Part of Isabelle's project involved building a new picnic table for Avondale’s newest residence. That is when a scouting friend asked Kurt Neubek if he would be willing to help. Since he is both an avid woodworker and has assisted at least a dozen Eagle Scout candidates (including his two sons) with their projects, he was delighted to be invited.
Kurt’s first introduction to scouting was when his oldest son, Dean, had just started at The Westview School for children on the autism spectrum. Dean was interested in joining scouting at his school, but there was no adult to lead the program that year. Kurt remembers explaining this to little Dean, who looked up with puppy dog eyes and said, “Daddy, maybe you can do that!” This began more than 15 years of wonderful experiences and adventures with his sons. Along the way Kurt also learned about many of the needs of people on the spectrum, with three years as Cubmaster at The Westview School, and several years of working with the wonderful people at RDIconnect, where Dean also interned.

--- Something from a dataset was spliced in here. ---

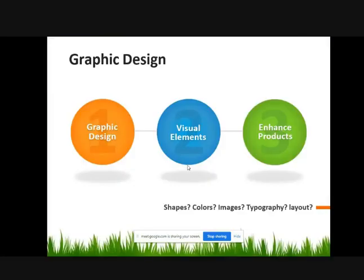In this slide, we can see about the three subtitles. There are graphics, visual element, and end announcement product.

Sadly, in late 2020, after graduating from college with a degree in Psychology, Dean passed away. However, he left a legacy of love and kindness that continues today. In early 2021, after Kurt had agreed to help Isabelle with her Eagle project, a friend asked him, “Let me get this straight: Dean was on the autism spectrum, and he got you involved in scouting. And after he passed, you agreed to help a scout with her Eagle project—which turned out to be helping people with autism and you don’t think that’s a coincidence?” Kurt replied, “Of course it’s not a coincidence!” She then suggested that he find a way to ‘leave Dean’s mark’ on the project.
Dean liked to draw a particular smiley face, and it became a signature drawing of his. It occurred to Kurt that making a branding iron of this icon and putting it on the table would be a wonderful way of including Dean. So when you see the smiley faces on the picnic table, know that’s Dean, a young man on the spectrum, sharing his smile with you!